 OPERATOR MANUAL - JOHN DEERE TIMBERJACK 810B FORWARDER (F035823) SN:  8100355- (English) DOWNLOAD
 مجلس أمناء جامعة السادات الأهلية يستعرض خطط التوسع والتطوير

...

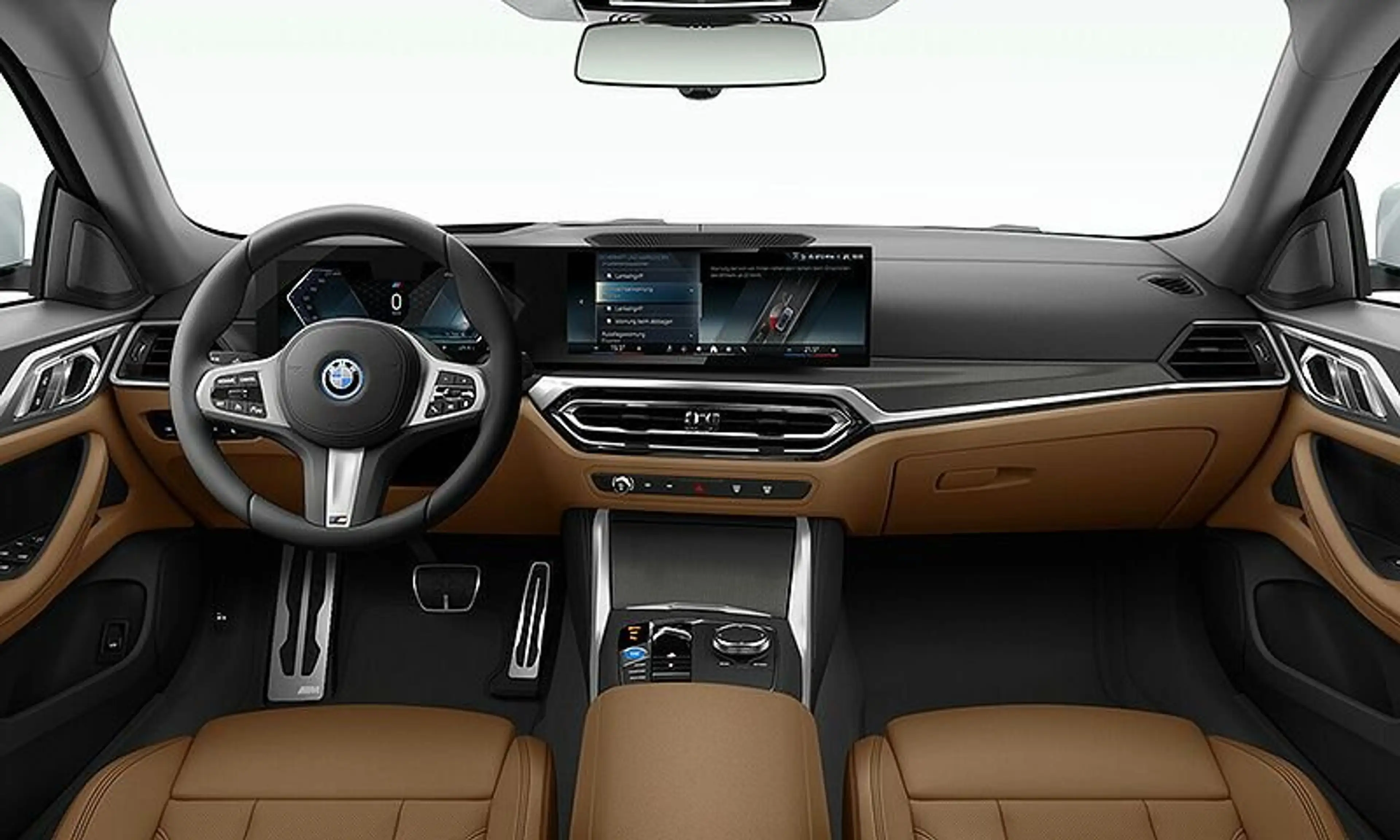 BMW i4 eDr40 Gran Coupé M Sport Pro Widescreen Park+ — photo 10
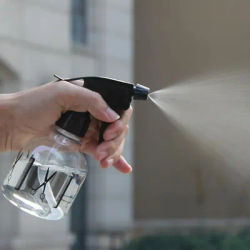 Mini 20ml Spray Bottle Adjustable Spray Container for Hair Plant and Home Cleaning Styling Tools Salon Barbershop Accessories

...

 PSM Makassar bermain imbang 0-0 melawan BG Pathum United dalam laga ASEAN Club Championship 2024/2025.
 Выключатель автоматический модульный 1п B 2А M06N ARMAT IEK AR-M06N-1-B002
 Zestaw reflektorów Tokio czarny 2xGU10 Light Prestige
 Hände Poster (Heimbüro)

### Instructions to follow
Output, from the data above, the lines from the line with "Zestaw reflektorów Tokio" to the line with "Hände Poster (Heimbüro)" exactly as they stand, both ends included and nothing else.

### Finished exercise
 Zestaw reflektorów Tokio czarny 2xGU10 Light Prestige
 Hände Poster (Heimbüro)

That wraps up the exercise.